To set and achieve what we see as new industry standards for enterprise IT cloud availability and then exceed them for our cloud infrastructure, our engineering team needs to be constantly focused on improving operations. Nothing can be taken for granted.
Our cloud infrastructure is built using two redundant data centers in each operating geography. Each data center is staffed 24x7 and features the highest standards for reliable power, fire suppression, redundant fiber networks (including redundant connections across each geography) and physical security. At the server tier, we have failover and redundancy built in throughout. And in each data center, ServiceNow has dedicated physical space, all under our control.
We connect to the Internet using redundant BGP connections to multiple Tier1 Internet Service Providers. We also have redundant stateful firewalls and load-balancers at the edge of our network in each location.

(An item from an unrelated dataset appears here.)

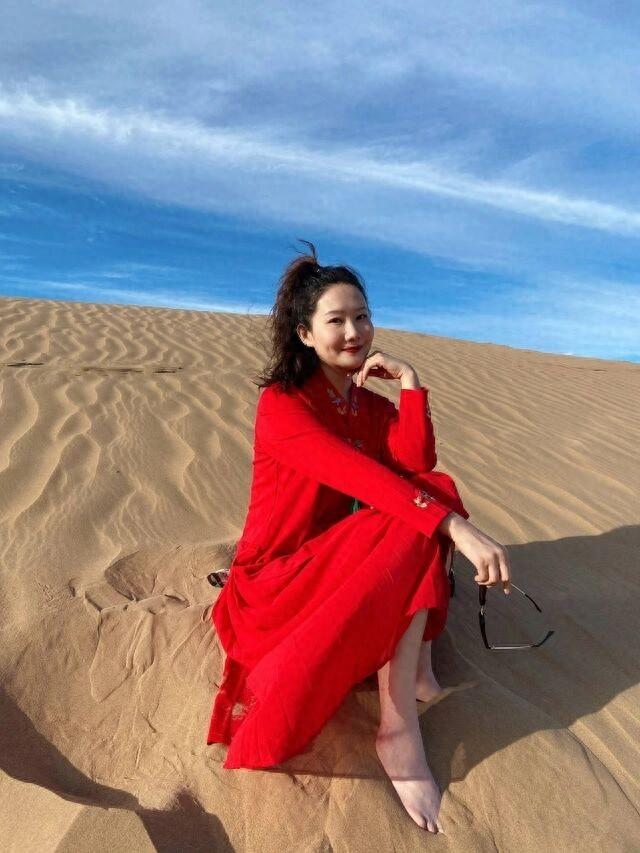 外来媳妇本地郎再也见不到的美女,“处长夫人”刘亚菲已回归家庭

With all of these redundancies in place, we’re working to set the industry’s most aggressive standards for a highly available cloud infrastructure. Yet, we recognize that our goal can be nearly unachievable. Even with the absolute best infrastructure engineering there can be downtime. While we are not perfect, maintaining the availability of our customers’ instances is the absolute top priority for our cloud infrastructure teams. And because of this priority, we have engineered automation using our own Service Automation Platform to move customers out of harm’s way should an event ever occur, something we call Advanced High Availability (AHA).
We are not done, and will never be - we will continue to set new standards and provide greater assurance for our customers who rely on us to perform billions of transactions every month on our enterprise IT cloud.